◆ Problem requirements ◆
Pull every line that includes the word "Манга" out of the data below and copy it.

(Stored records)
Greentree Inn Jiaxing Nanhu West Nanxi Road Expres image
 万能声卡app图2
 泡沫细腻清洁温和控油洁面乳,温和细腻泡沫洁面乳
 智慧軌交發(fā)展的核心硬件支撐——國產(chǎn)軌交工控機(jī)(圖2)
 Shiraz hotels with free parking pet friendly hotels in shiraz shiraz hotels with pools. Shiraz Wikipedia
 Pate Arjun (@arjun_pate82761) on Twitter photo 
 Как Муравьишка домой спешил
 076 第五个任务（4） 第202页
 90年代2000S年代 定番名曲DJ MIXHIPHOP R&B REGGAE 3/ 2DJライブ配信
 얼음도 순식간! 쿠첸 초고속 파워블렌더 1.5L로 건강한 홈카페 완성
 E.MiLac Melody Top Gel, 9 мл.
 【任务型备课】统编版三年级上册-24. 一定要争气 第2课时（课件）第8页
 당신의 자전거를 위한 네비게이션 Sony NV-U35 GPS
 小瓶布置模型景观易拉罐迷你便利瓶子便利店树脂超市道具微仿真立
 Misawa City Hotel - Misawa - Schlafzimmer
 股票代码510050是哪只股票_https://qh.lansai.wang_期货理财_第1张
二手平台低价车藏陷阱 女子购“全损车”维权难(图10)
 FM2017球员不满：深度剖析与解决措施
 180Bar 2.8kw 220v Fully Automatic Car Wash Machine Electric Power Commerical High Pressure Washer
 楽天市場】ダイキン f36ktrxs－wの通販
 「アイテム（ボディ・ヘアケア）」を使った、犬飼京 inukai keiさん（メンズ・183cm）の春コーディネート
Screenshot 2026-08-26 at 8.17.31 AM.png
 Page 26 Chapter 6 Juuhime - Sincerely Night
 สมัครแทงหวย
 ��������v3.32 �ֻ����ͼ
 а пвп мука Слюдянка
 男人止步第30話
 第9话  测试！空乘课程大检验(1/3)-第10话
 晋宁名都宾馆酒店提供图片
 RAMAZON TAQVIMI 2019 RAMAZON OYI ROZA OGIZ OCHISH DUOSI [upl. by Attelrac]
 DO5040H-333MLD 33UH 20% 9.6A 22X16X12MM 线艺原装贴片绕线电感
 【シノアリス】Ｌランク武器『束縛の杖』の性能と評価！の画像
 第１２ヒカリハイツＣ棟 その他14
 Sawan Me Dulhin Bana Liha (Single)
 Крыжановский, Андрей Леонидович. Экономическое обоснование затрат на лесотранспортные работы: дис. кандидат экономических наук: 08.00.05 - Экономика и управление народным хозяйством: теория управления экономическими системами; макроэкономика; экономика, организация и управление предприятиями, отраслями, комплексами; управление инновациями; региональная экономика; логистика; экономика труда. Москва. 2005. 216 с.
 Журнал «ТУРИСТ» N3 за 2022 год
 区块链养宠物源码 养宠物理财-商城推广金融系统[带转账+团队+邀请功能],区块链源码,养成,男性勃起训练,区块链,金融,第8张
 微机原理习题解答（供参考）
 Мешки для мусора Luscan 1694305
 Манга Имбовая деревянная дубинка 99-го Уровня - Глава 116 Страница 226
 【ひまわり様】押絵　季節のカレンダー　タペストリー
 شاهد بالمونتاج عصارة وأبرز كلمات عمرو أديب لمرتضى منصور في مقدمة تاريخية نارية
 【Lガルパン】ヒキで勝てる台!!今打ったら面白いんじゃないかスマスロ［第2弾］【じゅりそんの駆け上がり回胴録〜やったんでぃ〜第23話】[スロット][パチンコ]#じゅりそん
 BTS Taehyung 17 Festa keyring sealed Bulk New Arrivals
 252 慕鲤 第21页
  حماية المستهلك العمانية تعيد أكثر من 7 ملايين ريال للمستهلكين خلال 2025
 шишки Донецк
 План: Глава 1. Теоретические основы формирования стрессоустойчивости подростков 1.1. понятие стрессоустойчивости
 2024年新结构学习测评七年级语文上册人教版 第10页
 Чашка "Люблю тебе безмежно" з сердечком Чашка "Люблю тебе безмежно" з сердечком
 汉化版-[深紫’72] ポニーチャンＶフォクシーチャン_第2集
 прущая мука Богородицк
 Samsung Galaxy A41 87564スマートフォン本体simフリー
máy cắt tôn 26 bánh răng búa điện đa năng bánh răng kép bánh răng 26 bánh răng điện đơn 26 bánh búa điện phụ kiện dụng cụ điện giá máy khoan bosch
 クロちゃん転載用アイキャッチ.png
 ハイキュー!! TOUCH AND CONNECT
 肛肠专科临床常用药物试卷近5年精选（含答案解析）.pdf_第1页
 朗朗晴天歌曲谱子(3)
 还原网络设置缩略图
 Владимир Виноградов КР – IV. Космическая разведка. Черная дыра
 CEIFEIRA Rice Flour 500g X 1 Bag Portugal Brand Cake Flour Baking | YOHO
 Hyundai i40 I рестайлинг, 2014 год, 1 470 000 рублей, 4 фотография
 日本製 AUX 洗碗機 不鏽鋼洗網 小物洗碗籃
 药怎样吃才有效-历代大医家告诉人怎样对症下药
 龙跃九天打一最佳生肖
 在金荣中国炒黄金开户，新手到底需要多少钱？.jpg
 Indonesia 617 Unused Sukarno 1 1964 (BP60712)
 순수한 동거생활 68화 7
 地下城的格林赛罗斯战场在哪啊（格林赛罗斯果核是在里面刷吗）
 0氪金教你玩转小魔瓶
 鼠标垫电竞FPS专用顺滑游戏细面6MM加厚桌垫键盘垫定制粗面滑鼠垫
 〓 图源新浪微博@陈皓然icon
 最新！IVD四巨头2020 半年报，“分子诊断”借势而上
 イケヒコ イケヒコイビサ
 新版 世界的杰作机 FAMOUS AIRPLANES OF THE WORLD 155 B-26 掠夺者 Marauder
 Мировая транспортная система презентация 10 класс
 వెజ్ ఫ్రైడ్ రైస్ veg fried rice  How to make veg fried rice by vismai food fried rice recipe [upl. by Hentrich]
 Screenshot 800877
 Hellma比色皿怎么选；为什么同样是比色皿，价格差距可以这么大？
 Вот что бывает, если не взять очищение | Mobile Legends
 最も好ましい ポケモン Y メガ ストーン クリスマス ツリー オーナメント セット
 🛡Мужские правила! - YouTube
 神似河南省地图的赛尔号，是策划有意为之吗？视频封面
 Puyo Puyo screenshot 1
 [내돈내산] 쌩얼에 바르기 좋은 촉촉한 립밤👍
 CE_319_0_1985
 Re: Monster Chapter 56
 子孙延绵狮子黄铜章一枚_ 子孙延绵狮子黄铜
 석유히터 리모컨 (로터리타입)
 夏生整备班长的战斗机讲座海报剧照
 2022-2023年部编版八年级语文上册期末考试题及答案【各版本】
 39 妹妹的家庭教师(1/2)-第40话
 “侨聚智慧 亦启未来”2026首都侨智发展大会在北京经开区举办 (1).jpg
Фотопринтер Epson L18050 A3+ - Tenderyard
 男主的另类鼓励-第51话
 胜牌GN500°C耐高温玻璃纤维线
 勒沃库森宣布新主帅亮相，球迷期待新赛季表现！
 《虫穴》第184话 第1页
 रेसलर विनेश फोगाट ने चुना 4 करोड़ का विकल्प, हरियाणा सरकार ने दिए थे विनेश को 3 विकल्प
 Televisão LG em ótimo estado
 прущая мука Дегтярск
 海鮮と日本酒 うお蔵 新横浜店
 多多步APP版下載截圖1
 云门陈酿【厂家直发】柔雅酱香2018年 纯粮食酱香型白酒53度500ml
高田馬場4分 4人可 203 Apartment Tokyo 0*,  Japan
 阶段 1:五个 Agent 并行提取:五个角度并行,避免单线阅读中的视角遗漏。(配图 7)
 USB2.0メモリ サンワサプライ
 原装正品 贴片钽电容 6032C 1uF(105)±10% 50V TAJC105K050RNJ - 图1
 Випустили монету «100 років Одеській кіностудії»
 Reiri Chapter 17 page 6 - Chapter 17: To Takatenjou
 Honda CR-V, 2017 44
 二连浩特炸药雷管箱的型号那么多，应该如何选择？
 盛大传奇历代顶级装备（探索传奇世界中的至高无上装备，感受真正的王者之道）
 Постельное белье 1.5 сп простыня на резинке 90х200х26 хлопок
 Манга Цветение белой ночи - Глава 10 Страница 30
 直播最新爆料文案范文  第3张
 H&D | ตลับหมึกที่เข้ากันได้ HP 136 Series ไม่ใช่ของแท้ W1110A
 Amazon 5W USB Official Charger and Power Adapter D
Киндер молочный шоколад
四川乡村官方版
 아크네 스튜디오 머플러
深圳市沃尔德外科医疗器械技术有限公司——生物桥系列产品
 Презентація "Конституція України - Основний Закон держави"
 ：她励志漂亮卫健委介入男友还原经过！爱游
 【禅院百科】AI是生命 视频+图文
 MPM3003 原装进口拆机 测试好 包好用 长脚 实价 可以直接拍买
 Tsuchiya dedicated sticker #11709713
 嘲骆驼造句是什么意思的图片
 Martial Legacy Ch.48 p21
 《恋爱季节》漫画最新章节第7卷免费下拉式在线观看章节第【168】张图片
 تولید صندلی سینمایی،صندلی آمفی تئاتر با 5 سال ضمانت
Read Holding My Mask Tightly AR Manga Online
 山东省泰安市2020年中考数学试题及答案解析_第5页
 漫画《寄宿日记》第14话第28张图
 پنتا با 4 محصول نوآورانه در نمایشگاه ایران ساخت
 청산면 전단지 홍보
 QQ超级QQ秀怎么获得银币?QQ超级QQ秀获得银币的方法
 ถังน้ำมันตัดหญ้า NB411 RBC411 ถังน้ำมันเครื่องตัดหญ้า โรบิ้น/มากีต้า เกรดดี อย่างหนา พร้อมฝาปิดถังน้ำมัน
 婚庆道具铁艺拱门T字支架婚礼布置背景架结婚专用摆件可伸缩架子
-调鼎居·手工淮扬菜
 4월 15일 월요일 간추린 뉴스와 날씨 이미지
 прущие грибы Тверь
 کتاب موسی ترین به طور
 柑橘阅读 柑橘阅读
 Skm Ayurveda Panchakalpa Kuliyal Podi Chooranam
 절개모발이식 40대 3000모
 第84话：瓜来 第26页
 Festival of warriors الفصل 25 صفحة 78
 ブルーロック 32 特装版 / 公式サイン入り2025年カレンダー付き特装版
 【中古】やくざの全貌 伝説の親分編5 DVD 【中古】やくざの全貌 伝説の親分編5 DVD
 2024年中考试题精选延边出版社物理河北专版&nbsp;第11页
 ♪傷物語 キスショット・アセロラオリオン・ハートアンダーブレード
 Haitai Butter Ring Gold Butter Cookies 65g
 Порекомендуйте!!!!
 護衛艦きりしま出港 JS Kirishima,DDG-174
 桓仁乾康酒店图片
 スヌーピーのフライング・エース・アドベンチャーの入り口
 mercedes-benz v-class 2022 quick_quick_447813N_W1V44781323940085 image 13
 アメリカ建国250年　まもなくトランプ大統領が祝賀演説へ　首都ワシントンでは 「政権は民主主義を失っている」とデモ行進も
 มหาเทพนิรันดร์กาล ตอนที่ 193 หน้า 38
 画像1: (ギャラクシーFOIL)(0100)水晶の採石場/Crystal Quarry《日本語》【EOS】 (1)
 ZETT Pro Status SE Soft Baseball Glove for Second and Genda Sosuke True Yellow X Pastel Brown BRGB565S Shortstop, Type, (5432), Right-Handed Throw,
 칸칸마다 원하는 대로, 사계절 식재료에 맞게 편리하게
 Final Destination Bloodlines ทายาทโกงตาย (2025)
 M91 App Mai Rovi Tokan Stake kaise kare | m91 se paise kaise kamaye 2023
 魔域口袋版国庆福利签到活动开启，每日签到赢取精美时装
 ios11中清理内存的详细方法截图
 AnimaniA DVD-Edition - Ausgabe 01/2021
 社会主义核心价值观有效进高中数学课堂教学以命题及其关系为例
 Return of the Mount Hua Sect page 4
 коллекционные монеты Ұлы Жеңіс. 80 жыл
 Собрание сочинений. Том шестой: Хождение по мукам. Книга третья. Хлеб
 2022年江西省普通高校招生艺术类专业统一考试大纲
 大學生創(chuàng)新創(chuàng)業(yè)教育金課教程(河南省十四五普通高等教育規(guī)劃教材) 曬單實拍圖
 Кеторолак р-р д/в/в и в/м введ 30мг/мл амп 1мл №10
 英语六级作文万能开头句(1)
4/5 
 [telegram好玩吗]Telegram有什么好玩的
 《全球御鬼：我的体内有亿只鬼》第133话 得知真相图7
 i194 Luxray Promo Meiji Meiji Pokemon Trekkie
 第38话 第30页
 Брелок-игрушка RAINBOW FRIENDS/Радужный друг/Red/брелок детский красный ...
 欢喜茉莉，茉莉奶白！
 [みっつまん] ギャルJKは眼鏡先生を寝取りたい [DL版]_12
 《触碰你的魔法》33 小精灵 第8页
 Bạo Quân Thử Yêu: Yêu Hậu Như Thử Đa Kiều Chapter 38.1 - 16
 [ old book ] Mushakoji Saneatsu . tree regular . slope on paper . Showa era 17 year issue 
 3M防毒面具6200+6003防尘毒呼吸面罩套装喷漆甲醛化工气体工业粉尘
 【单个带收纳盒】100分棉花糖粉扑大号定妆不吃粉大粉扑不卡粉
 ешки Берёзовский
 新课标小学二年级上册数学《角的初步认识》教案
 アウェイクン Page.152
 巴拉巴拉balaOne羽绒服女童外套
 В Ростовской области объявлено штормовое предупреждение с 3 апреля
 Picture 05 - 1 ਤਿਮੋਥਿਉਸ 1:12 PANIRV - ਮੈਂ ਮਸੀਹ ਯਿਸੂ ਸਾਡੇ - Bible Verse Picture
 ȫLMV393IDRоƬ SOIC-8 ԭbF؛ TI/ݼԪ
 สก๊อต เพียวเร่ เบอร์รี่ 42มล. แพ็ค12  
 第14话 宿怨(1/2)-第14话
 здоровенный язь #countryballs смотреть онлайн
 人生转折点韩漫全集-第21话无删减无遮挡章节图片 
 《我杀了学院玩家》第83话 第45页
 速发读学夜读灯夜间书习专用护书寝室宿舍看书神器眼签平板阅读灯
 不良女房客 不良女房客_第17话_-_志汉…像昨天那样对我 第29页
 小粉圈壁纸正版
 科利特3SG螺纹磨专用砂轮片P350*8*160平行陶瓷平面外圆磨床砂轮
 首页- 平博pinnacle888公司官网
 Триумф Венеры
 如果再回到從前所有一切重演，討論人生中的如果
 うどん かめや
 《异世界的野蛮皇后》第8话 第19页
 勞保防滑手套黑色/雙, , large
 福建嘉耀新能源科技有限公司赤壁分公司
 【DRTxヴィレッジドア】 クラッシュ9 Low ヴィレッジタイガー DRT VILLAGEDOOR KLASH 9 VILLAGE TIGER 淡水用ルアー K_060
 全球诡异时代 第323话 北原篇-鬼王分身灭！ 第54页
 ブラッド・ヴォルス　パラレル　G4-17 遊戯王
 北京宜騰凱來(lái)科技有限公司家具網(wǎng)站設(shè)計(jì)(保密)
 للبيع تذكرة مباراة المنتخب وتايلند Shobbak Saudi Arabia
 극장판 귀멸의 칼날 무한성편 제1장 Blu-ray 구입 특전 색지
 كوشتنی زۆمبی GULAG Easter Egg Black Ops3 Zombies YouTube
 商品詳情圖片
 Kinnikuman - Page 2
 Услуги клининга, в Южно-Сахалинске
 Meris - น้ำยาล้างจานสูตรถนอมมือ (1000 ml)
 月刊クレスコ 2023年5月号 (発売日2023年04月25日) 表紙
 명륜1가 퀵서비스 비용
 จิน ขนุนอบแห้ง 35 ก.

◆ Response to the exercise ◆
 Манга Имбовая деревянная дубинка 99-го Уровня - Глава 116 Страница 226
 Манга Цветение белой ночи - Глава 10 Страница 30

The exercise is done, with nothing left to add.